JWKTL (Java-based Wiktionary Library) is an application programming interface for the free multilingual online dictionary Wiktionary. Wiktionary is collaboratively constructed by volunteers and continually growing. JWKTL enables efficient and structured access to the information encoded in the English, German, and Russian Wiktionary language editions, including sense definitions, part of speech tags, etymology, example sentences, translations, semantic relations, and many other lexical information types.
DKPro Similarity is a framework for text similarity. Its goal is to provide a comprehensive repository of text similarity measures which are implemented using standardized interfaces. The framework is designed to complement DKPro Core, a collection of software components for natural language processing (NLP) based on the Apache UIMA framework. DKPro Similarity comprises a wide variety of measures ranging from ones based on simple n-grams and common subsequences to high-dimensional vector comparisons and structural, stylistic, and phonetic measures. In order to promote the reproducibility of experimental results and to provide reliable, permanent experimental conditions for future studies, DKPro Similarity also comes with a set of full-featured experimental setups which can be run out-of-the-box and used for future systems to built upon.

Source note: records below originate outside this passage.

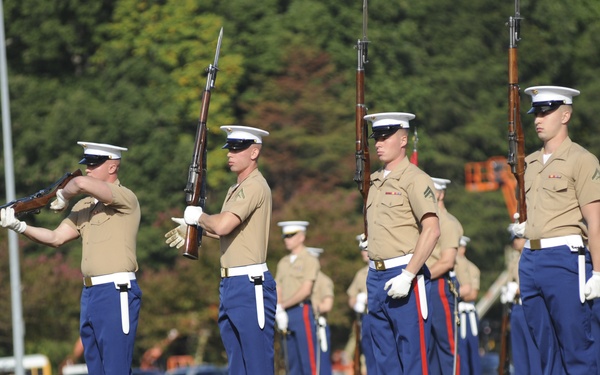Modern Day Marine Military Exposition
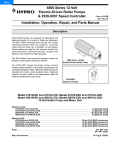 4000 Series 12-Volt Electric-Driven Roller Pumps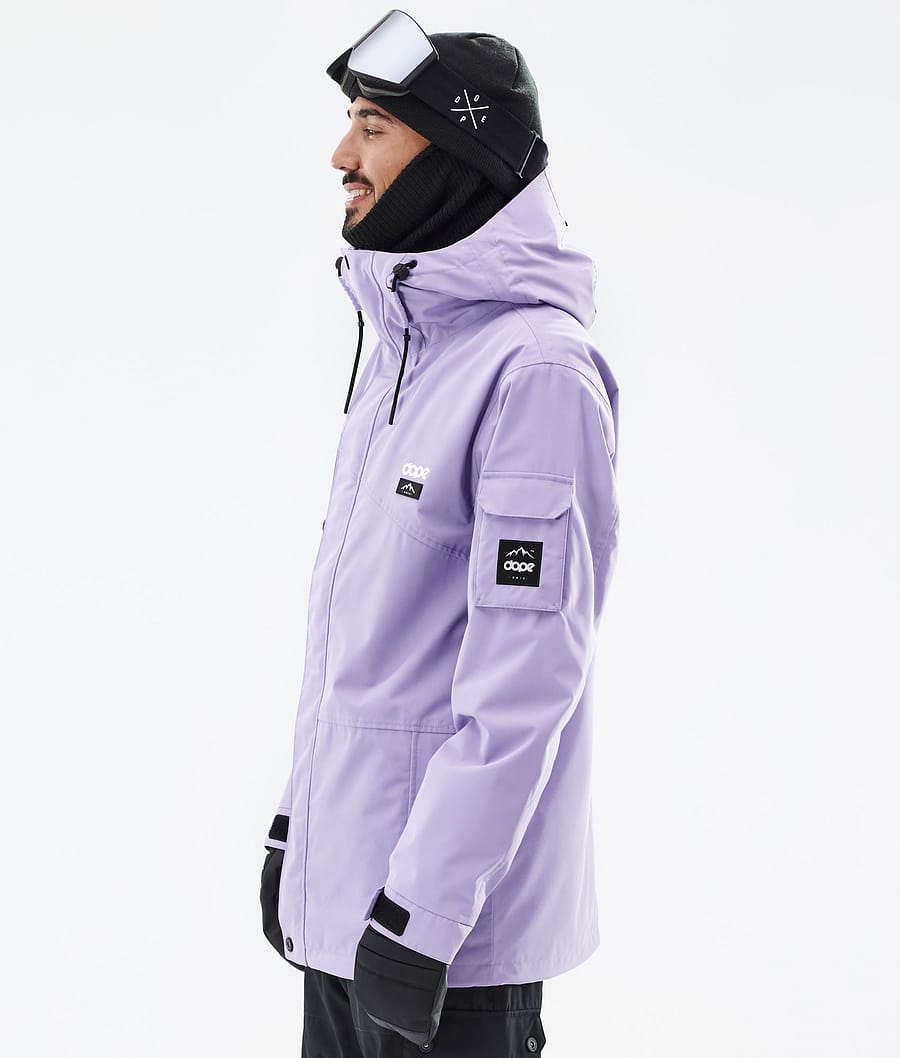 Dope Adept Snowboardjacke Herren Lila | 578-SBQUEV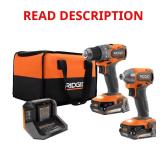 18V SubCompact 2-Tool Kit (Drill/Impact)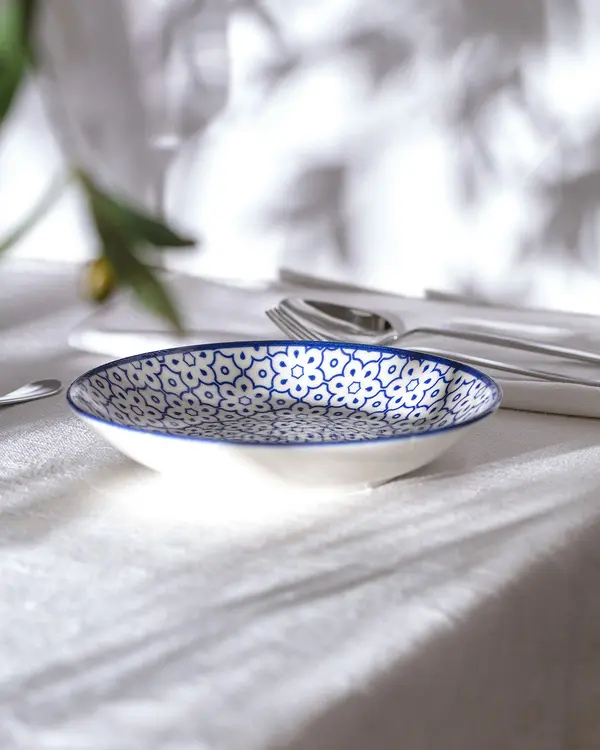 Reve Bleu Elodie Dinner Plate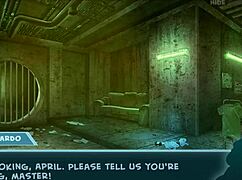 star channel 34 part 82 features big tits brunette in sexy hentai game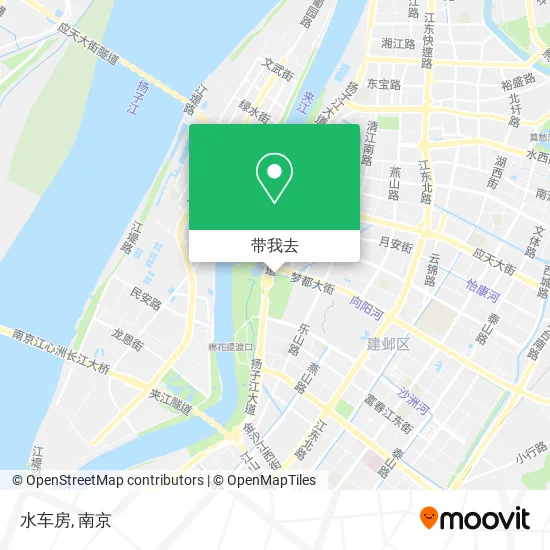 水车房地图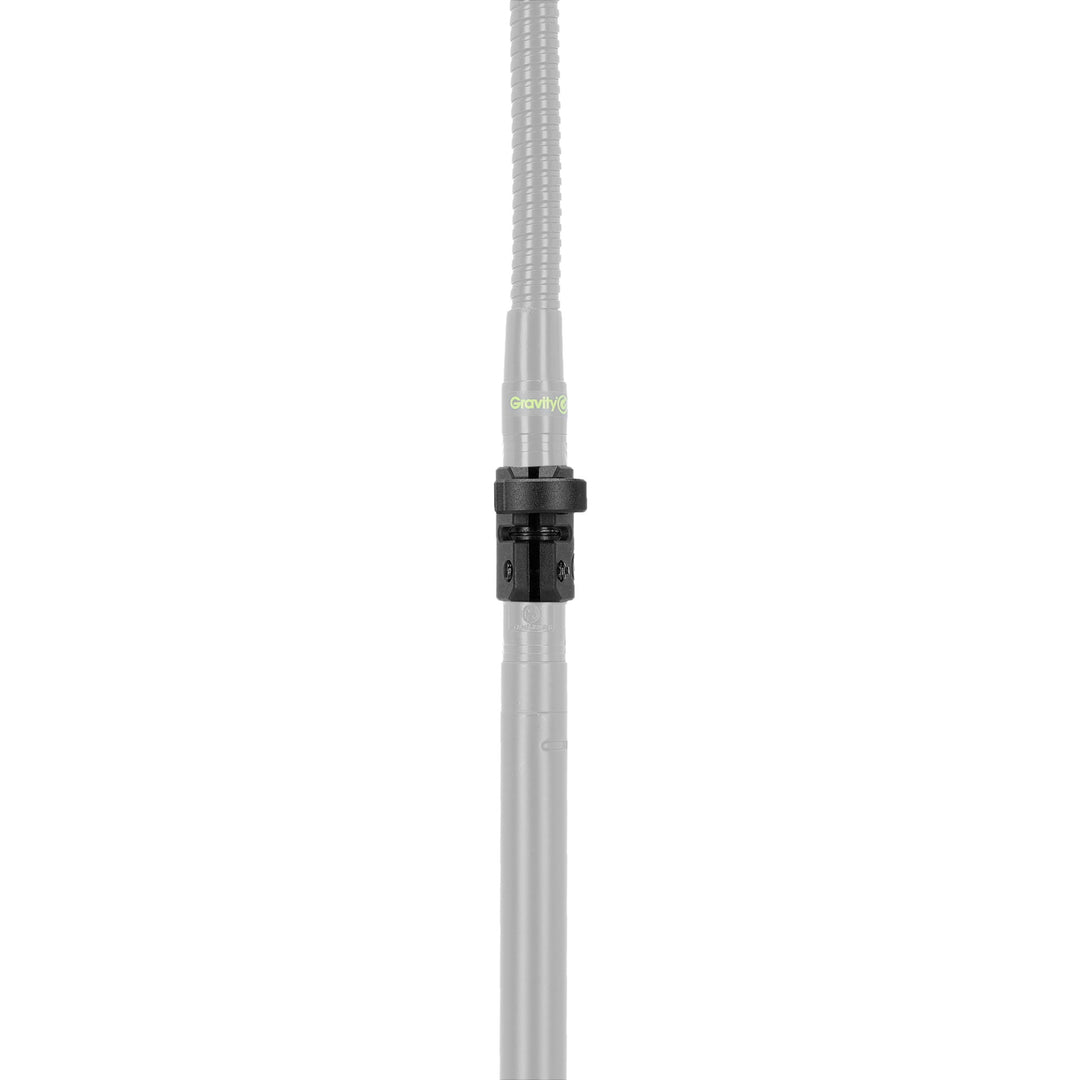 Gravity XSP 10215 - Abrazadera para MS 23 soporte de micrófono de cuello de cisne XLR B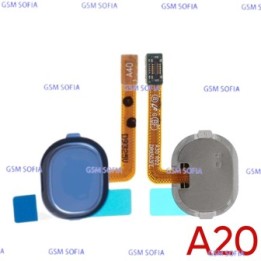 Flex huella  para Samsung Galaxy A20 / A205 - Azul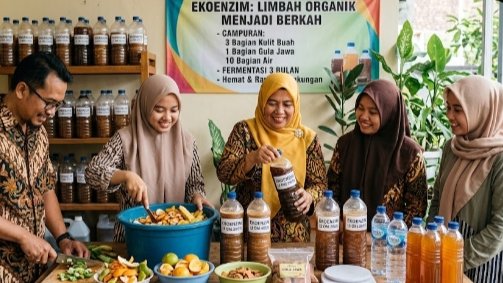 Apa Itu Ekoenzim? Solusi Praktis Mengolah Limbah Sampah Lebih Berdaya Guna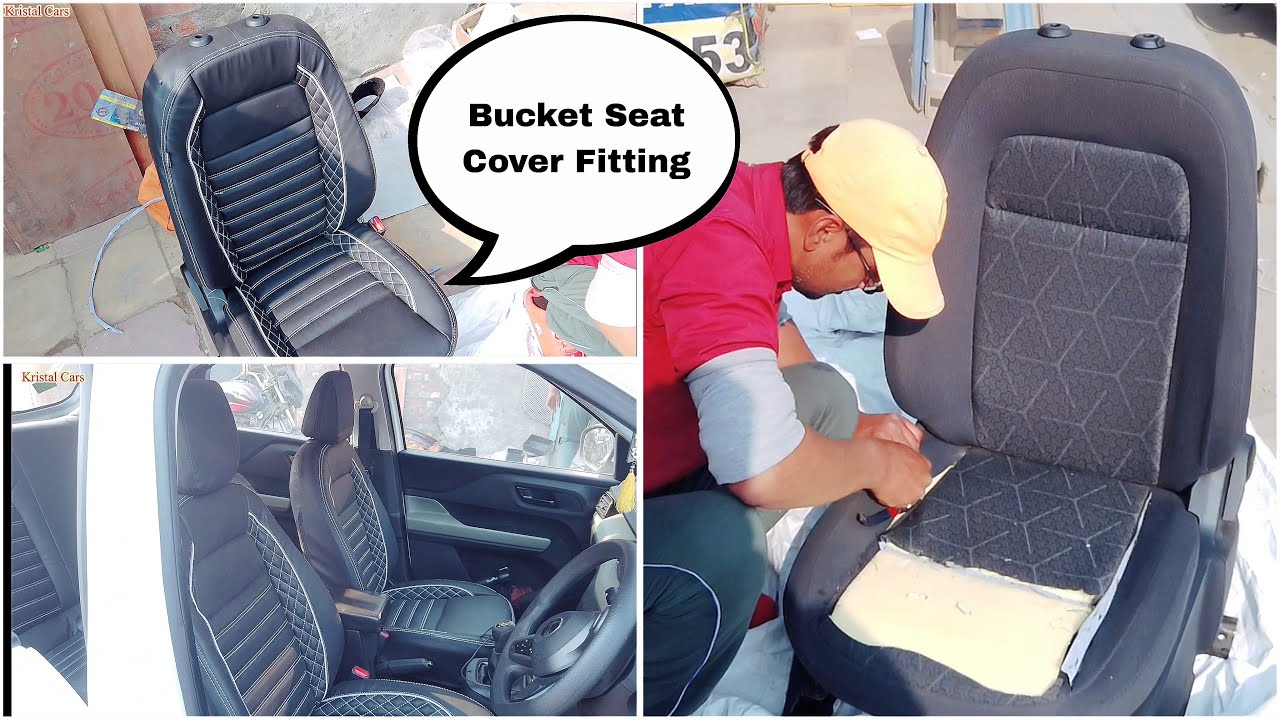 कैसे होती है Car Bucket Seat Cover की fitting 👉 Full Detail Video | Tata Punch Seat Covers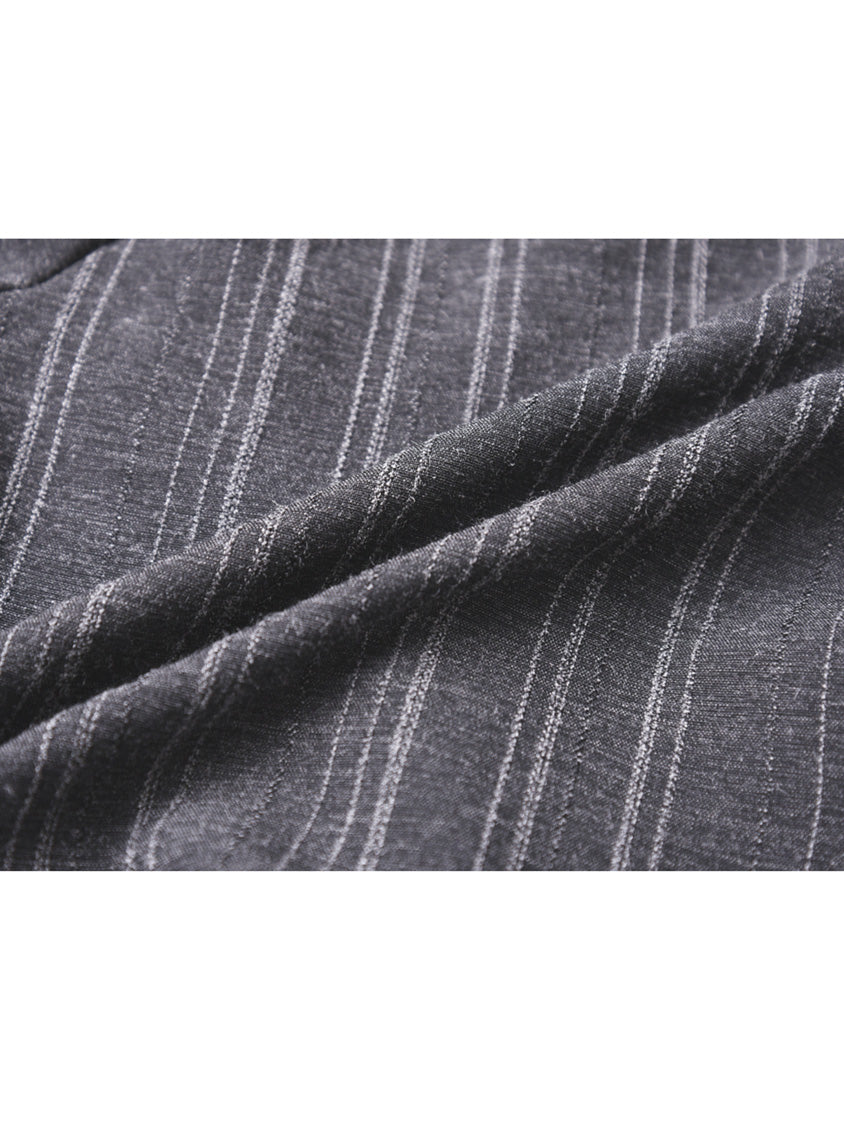 Mesh stitch top and skirt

Apache UIMA DUCC (Distributed UIMA Cluster Computing) is a cluster management system providing tooling, management, and scheduling facilities that automate the scale-out of applications written using the UIMA framework. Core UIMA provides a generalized framework for applications that process unstructured information such as human language, but does not provide a scale-out mechanism. UIMA-AS extends UIMA and provides a scale-out mechanism for distributing UIMA pipelines over a cluster of computing resources, but does not provide job or cluster management of the resources. DUCC extends UIMA-AS by defining a formal job model that closely maps to a standard UIMA pipeline. Around this job model DUCC provides cluster management services to automate the scale-out of UIMA pipelines over computing clusters.